◆ RECORDED DATA:

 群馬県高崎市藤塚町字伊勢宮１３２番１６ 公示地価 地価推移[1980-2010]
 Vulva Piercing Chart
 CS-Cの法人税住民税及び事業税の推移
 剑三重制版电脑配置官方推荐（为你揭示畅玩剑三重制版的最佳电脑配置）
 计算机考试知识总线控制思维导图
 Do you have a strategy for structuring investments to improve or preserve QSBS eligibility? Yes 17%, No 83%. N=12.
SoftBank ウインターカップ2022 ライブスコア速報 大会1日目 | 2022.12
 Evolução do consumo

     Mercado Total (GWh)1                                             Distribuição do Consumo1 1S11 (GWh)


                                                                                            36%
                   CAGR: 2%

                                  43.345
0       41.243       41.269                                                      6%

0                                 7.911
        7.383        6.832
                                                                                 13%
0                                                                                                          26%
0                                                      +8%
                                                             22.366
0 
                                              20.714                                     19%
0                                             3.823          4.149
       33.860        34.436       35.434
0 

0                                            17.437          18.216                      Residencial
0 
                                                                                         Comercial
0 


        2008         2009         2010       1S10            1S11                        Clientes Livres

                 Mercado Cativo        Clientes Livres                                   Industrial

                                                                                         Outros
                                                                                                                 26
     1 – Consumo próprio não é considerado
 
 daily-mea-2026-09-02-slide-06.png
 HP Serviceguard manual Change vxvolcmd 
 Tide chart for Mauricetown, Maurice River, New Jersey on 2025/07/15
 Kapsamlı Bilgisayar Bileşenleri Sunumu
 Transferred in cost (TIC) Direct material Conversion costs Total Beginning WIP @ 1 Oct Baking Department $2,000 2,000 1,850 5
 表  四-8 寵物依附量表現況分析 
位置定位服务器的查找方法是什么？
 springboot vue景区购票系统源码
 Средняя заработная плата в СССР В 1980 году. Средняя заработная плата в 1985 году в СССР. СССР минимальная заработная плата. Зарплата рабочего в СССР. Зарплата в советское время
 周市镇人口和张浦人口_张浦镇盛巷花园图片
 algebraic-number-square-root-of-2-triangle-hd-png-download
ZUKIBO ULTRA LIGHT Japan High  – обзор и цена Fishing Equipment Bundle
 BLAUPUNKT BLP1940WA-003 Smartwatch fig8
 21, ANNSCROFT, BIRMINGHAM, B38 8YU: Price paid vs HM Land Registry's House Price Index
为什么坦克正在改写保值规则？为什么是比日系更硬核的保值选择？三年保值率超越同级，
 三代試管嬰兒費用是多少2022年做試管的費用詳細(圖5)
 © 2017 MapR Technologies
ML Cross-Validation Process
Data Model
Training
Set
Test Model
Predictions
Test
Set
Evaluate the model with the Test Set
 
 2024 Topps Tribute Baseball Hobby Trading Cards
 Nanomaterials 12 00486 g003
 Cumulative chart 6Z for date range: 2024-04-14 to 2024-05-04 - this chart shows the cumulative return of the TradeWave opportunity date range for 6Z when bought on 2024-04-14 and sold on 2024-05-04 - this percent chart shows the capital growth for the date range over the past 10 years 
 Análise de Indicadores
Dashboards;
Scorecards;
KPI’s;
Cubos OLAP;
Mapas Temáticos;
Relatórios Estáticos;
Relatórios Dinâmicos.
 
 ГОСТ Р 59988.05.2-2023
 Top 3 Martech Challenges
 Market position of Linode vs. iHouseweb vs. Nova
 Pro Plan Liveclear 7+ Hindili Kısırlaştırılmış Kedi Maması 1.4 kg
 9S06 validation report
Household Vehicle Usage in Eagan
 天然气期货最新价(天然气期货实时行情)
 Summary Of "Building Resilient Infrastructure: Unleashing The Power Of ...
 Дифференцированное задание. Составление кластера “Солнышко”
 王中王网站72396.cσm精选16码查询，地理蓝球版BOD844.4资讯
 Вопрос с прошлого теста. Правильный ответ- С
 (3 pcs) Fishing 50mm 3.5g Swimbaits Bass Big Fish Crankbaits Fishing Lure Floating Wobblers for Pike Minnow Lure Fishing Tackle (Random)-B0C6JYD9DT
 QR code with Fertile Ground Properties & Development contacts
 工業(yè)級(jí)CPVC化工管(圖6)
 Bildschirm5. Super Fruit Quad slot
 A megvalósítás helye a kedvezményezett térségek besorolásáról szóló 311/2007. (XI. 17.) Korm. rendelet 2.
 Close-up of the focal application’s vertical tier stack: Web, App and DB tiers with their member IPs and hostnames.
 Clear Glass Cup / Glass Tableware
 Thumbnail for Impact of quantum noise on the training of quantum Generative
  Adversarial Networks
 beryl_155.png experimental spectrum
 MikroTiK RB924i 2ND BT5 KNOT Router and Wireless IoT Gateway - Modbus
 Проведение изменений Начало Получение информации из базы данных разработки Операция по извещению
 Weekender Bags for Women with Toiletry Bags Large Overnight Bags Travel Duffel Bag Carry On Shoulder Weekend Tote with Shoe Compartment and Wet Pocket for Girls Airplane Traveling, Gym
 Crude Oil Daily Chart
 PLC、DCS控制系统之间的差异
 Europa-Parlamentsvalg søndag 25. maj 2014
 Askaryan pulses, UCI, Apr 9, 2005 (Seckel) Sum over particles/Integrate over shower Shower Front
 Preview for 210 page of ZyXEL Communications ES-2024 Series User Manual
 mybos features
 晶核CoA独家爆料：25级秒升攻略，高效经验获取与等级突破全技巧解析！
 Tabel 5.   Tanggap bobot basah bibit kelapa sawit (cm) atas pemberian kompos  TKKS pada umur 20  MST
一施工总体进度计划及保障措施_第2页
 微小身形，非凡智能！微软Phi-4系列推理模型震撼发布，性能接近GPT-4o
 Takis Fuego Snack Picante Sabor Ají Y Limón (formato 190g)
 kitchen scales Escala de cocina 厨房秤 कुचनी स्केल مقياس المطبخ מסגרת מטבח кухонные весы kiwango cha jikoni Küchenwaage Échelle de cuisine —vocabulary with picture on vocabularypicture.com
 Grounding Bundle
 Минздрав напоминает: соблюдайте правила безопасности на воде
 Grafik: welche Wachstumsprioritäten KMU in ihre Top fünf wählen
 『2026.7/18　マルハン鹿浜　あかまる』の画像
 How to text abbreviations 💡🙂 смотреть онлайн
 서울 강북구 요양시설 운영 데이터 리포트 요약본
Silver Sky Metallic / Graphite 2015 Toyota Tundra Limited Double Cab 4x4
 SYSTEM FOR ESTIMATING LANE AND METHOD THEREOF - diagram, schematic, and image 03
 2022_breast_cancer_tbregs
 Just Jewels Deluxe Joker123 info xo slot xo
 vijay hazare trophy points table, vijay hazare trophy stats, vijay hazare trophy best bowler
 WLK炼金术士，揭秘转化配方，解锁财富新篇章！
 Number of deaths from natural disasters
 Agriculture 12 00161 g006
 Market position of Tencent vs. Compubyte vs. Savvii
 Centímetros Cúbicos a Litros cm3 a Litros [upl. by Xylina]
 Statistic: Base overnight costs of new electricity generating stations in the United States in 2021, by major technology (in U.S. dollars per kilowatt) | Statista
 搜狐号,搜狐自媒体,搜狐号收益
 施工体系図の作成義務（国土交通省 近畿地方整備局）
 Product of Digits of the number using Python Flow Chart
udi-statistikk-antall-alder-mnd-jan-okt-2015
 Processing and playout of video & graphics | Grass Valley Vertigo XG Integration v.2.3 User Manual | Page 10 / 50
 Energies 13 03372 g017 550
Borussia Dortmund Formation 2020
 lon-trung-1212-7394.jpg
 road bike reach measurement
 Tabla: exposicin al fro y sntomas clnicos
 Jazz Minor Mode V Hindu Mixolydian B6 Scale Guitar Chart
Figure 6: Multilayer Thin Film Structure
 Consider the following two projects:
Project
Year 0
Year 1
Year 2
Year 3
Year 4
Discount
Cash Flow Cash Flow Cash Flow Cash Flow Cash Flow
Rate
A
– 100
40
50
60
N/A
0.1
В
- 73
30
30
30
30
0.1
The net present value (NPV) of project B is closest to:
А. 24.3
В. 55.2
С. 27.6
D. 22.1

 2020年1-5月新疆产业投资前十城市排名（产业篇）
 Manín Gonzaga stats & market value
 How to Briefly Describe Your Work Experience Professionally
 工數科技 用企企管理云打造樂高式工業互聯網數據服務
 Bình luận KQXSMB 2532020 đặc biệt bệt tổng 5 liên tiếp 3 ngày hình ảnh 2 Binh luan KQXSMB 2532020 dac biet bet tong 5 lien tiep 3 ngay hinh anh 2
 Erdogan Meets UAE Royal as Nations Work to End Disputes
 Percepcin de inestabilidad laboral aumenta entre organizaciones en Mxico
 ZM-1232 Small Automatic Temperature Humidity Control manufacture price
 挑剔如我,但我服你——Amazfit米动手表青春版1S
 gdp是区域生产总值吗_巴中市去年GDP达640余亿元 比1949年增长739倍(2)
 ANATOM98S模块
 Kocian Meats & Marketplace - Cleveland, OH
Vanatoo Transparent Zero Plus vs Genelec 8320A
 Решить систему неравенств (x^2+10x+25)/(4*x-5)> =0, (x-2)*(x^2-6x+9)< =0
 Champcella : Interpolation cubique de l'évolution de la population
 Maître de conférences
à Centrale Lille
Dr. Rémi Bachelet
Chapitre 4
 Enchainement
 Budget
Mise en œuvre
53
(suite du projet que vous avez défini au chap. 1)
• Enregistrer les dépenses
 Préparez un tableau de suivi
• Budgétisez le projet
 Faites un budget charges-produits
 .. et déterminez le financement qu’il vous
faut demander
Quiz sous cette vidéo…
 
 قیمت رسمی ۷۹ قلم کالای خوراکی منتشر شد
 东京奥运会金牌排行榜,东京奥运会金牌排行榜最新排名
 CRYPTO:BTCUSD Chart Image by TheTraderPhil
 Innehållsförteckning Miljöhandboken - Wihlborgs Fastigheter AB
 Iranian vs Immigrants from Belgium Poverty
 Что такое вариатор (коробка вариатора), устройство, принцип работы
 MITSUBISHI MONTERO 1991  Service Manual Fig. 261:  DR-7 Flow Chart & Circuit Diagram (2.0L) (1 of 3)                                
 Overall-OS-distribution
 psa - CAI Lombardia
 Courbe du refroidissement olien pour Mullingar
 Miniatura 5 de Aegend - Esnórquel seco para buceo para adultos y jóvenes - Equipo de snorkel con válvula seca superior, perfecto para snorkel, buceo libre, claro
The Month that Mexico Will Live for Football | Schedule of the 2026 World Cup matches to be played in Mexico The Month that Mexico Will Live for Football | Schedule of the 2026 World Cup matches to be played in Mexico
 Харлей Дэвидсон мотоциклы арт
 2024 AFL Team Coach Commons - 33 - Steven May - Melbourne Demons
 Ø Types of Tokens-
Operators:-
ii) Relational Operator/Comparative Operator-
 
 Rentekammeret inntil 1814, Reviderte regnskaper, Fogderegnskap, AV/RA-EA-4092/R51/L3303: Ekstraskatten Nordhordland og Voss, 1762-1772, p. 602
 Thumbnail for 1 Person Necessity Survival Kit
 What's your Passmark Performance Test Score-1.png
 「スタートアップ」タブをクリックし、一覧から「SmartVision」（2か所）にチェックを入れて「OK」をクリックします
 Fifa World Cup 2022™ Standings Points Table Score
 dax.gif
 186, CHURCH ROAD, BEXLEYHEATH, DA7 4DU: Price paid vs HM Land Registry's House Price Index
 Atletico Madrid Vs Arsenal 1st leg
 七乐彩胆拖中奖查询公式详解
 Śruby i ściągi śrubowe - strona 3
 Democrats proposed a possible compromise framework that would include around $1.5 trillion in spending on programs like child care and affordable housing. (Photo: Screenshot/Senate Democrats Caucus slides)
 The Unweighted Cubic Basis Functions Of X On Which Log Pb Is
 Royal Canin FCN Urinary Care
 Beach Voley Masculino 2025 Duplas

◆ WORK TO COMPLETE:
Filter the records above down to the lines containing "stats".

◆ TASK SOLUTION:
 vijay hazare trophy points table, vijay hazare trophy stats, vijay hazare trophy best bowler
 Manín Gonzaga stats & market value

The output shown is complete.